Closed solis9753 closed 2 years ago

solis9753 commented 2 years ago

There is an inexplicable behaviour of the for loop inside loadAndromeda(), in the arrow_S4 branch.

Do note that purrr::map() and lapply() work. Running under: macOS Monterey 12.6

suppressPackageStartupMessages(library(Andromeda))
library(purrr)
andromeda <- Andromeda:::.newAndromeda()
andromeda$mtcars <- mtcars
andromeda$iris <- iris

saveAndromeda(andromeda, "testAndromeda")
loadAndromeda("testAndromeda")
#> Error: IOError: Failed to open local file '/private/var/folders/n5/v3hbbdqs0f554tk29kqb67040000gn/T/Rtmp3r6hAR/file9a7c49a9fdc8/iris/part-0.arrow'. Detail: [errno 2] No such file or directory

andromeda <- Andromeda:::.newAndromeda()
path <- andromeda@path
zip::unzip("testAndromeda", exdir = path)
tableNames <- list.dirs(path, full.names = FALSE, recursive = FALSE)
## tables to read 
tableNames
#> [1] "iris"   "mtcars"

## Trying purrr::map()
purrr::map(.x = tableNames, .f = ~arrow::open_dataset(file.path(path, .x), format = "feather"))
#> [[1]]
#> FileSystemDataset with 1 Feather file
#> Sepal.Length: double
#> Sepal.Width: double
#> Petal.Length: double
#> Petal.Width: double
#> Species: dictionary<values=string, indices=int8>
#> 
#> See $metadata for additional Schema metadata
#> 
#> [[2]]
#> FileSystemDataset with 1 Feather file
#> mpg: double
#> cyl: double
#> disp: double
#> hp: double
#> drat: double
#> wt: double
#> qsec: double
#> vs: double
#> am: double
#> gear: double
#> carb: double
#> 
#> See $metadata for additional Schema metadata

## Trying lapply
lapply(tableNames, function(x) arrow::open_dataset(file.path(path, x), format = "feather") )
#> [[1]]
#> FileSystemDataset with 1 Feather file
#> Sepal.Length: double
#> Sepal.Width: double
#> Petal.Length: double
#> Petal.Width: double
#> Species: dictionary<values=string, indices=int8>
#> 
#> See $metadata for additional Schema metadata
#> 
#> [[2]]
#> FileSystemDataset with 1 Feather file
#> mpg: double
#> cyl: double
#> disp: double
#> hp: double
#> drat: double
#> wt: double
#> qsec: double
#> vs: double
#> am: double
#> gear: double
#> carb: double
#> 
#> See $metadata for additional Schema metadata

##Trying the for loop
for (nm in tableNames) {
  andromeda[[nm]] <- arrow::open_dataset(file.path(path, nm), format = "feather")
  }
#> Error: IOError: Failed to open local file '/private/var/folders/n5/v3hbbdqs0f554tk29kqb67040000gn/T/Rtmp3r6hAR/file9a7c37547b40/iris/part-0.arrow'. Detail: [errno 2] No such file or directory

Created on 2022-11-20 with reprex v2.0.2

ablack3 commented 2 years ago

Thank you for the reprex! I'm also using Mac OS 12.6 and get the same error when I use reprex but I don't get any error when I run this code interactively strangely enough.

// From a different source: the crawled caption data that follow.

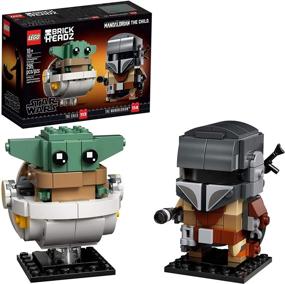 img 4 attached to 🚀 Mandalorian LEGO BrickHeadz: An Immerse-and-Build Experience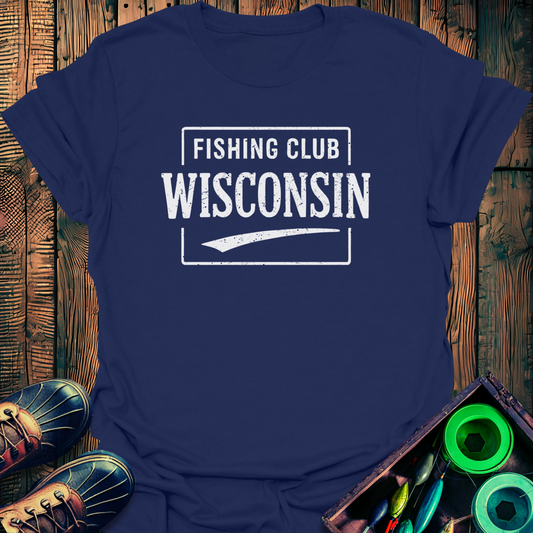 Wisconsin Fishing Club T-Shirt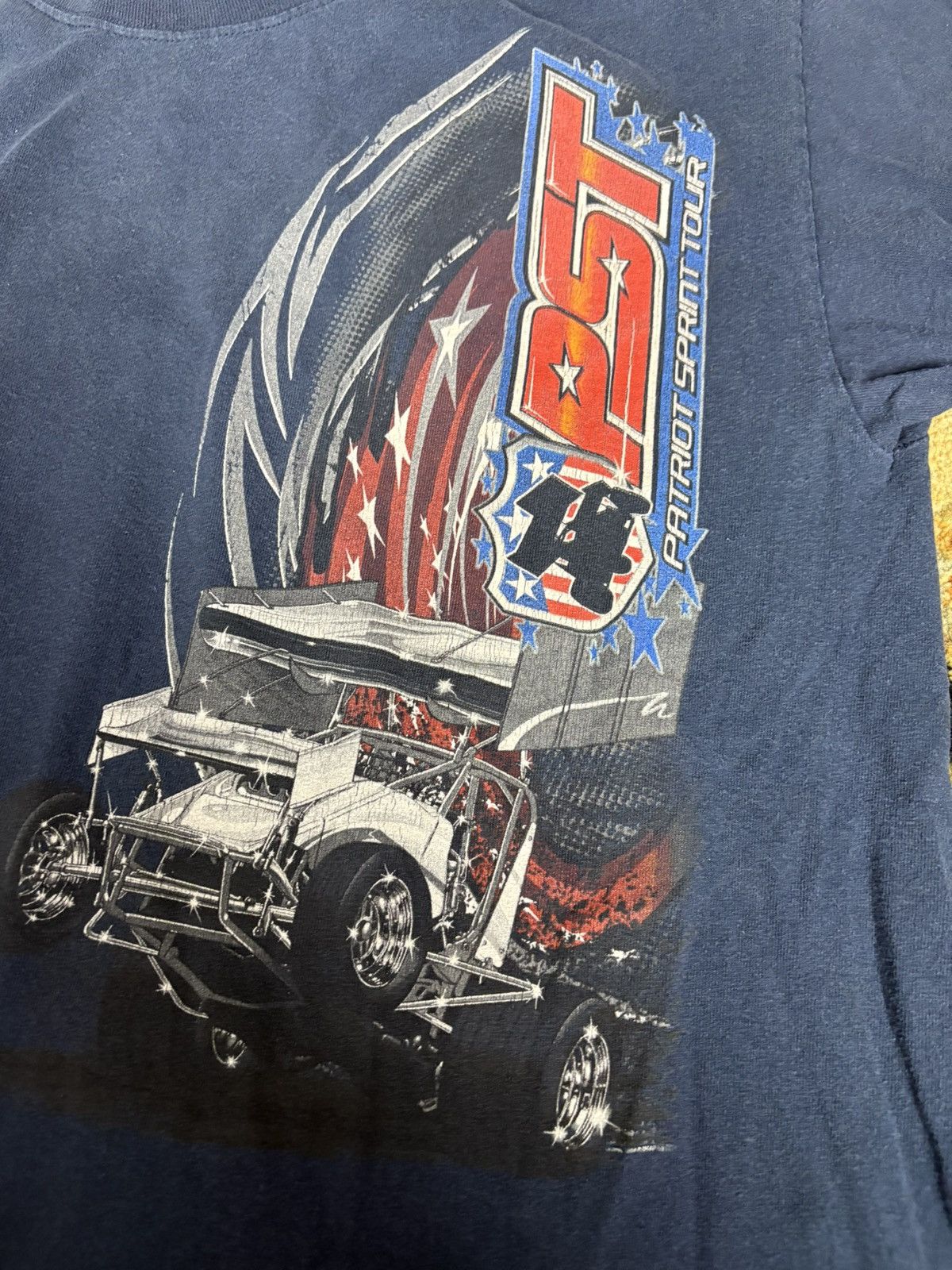 NASCAR × Vintage Vintage NASCAR tee Size US L / EU 52-54 / 3 - 3 Thumbnail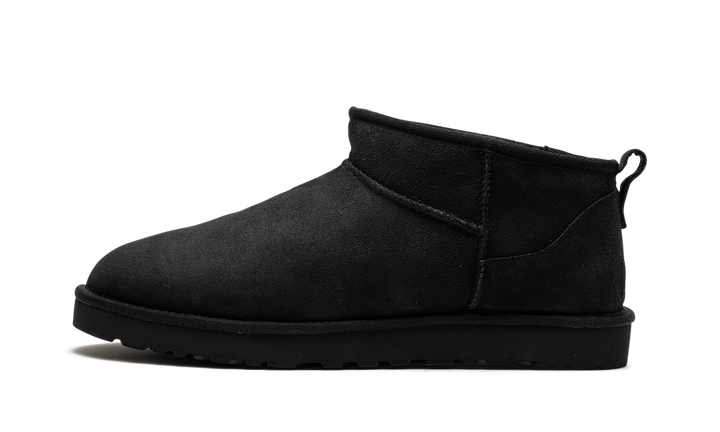 UGG CLASSIC ULTRA MINI BOOT BLACK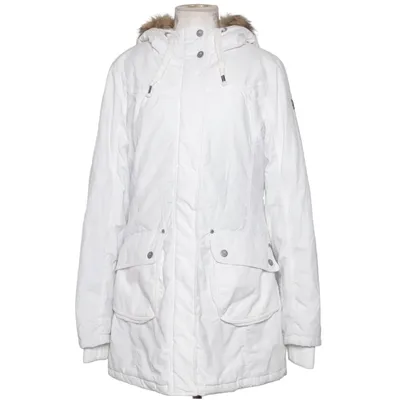 Parka (Wit) van Fresh Made Katoen, Polyamide, Polyester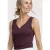 Basic top met hartvormige halslijn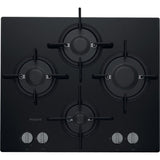 Hotpoint FTGHG 641 D/H BK Gas Hob - Black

ablack3 commented 2 years ago

I think this is fixed with my most recent commit. Will you reinstall and test again?

suppressPackageStartupMessages(library(Andromeda))
andromeda <- andromeda()
andromeda$mtcars <- mtcars
andromeda$iris <- iris

saveAndromeda(andromeda, "testAndromeda")
loadAndromeda("testAndromeda")
#> # Andromeda object
#> # Physical location:  /var/folders/xx/01v98b6546ldnm1rg1_bvk000000gn/T//RtmpiELMPG/file2dfe98e918e
#> 
#> Tables:
#> $iris (Sepal.Length, Sepal.Width, Petal.Length, Petal.Width, Species)
#> $mtcars (mpg, cyl, disp, hp, drat, wt, qsec, vs, am, gear, carb)

Created on 2022-11-20 with reprex v2.0.2

solis9753 commented 2 years ago

Fixed indeed with the latest commit.